EXERCISE DIRECTIONS
Please copy, exactly and with no pictures, only the lines from the one containing "Used 2022 Honda Accord Sport image 12" through the last line of the records.

DATA
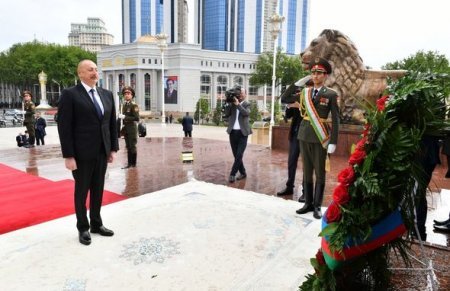 Azərbaycan Prezidenti Düşənbədə İsmoili Somoni abidəsini ziyarət edib - FOTO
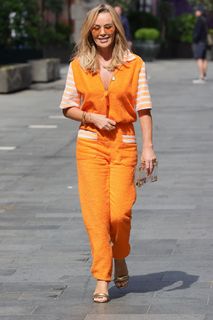 Amanda Holden feet photo thumbnail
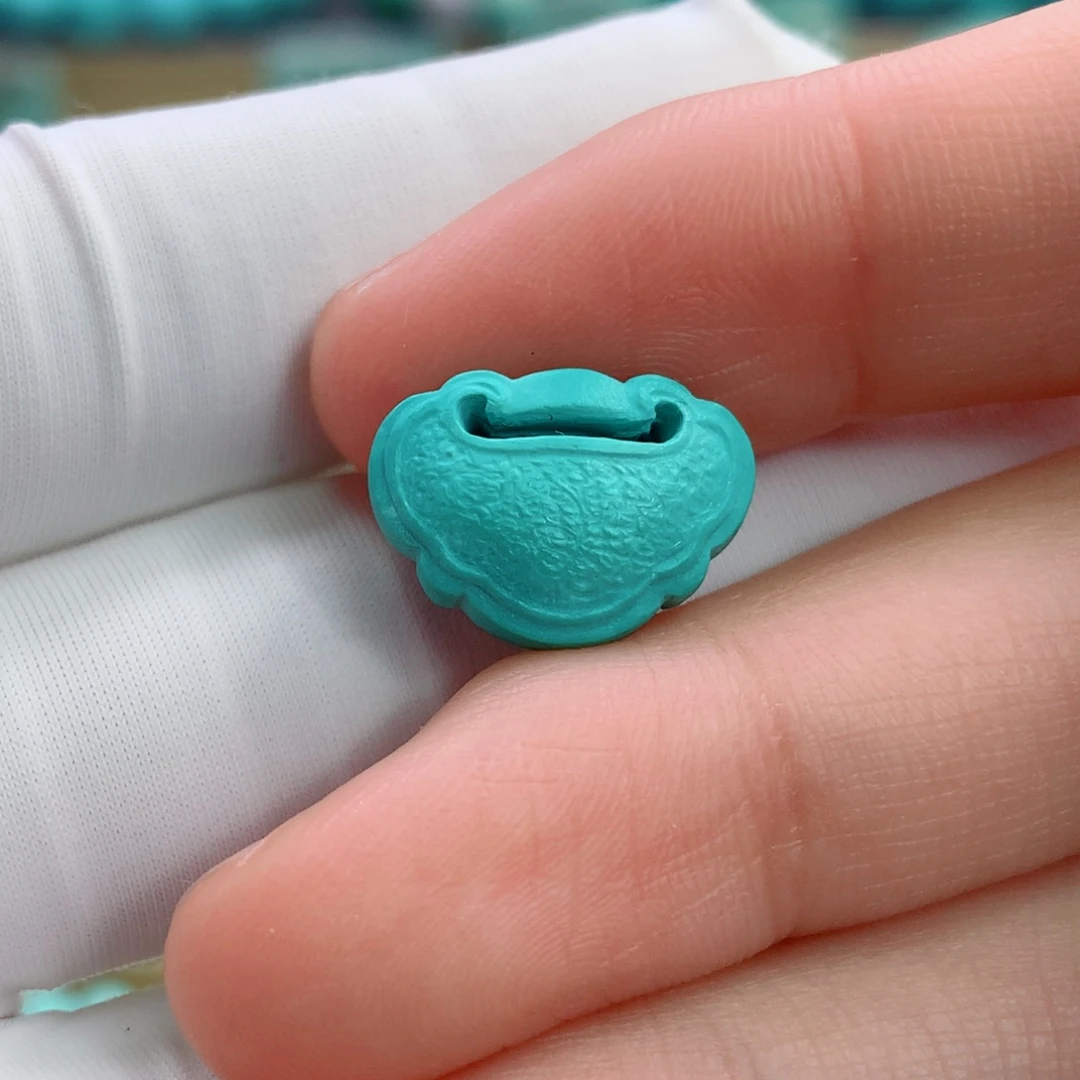 未镶嵌绿松石颈饰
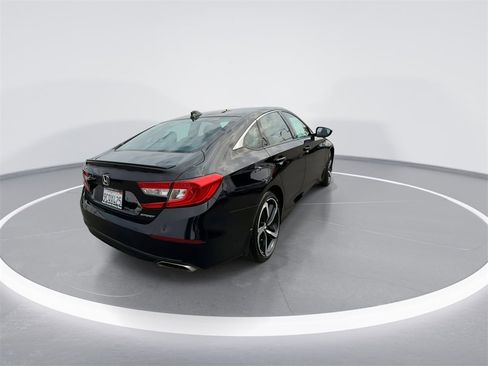 Used 2022 Honda Accord Sport image 12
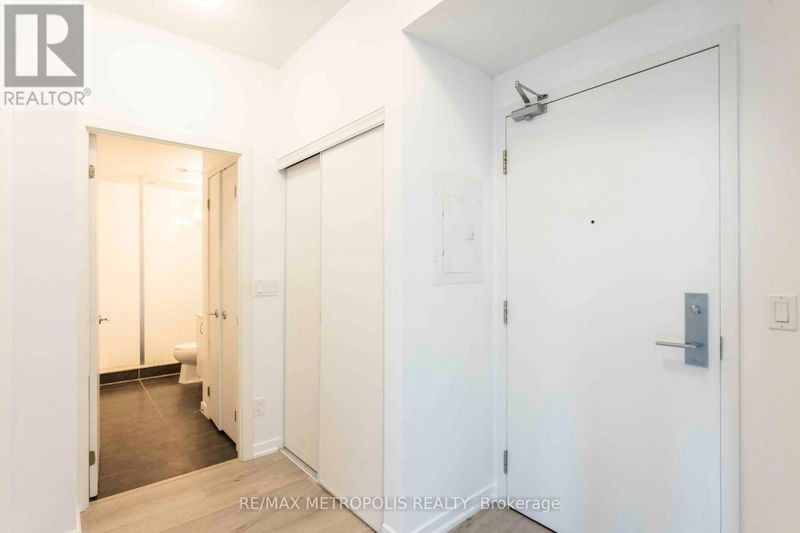  717 - 55 East Liberty Street  Toronto (Niagara), M6K3P9 | Image 17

RESULT OF THE EXERCISE
 Used 2022 Honda Accord Sport image 12
  717 - 55 East Liberty Street  Toronto (Niagara), M6K3P9 | Image 17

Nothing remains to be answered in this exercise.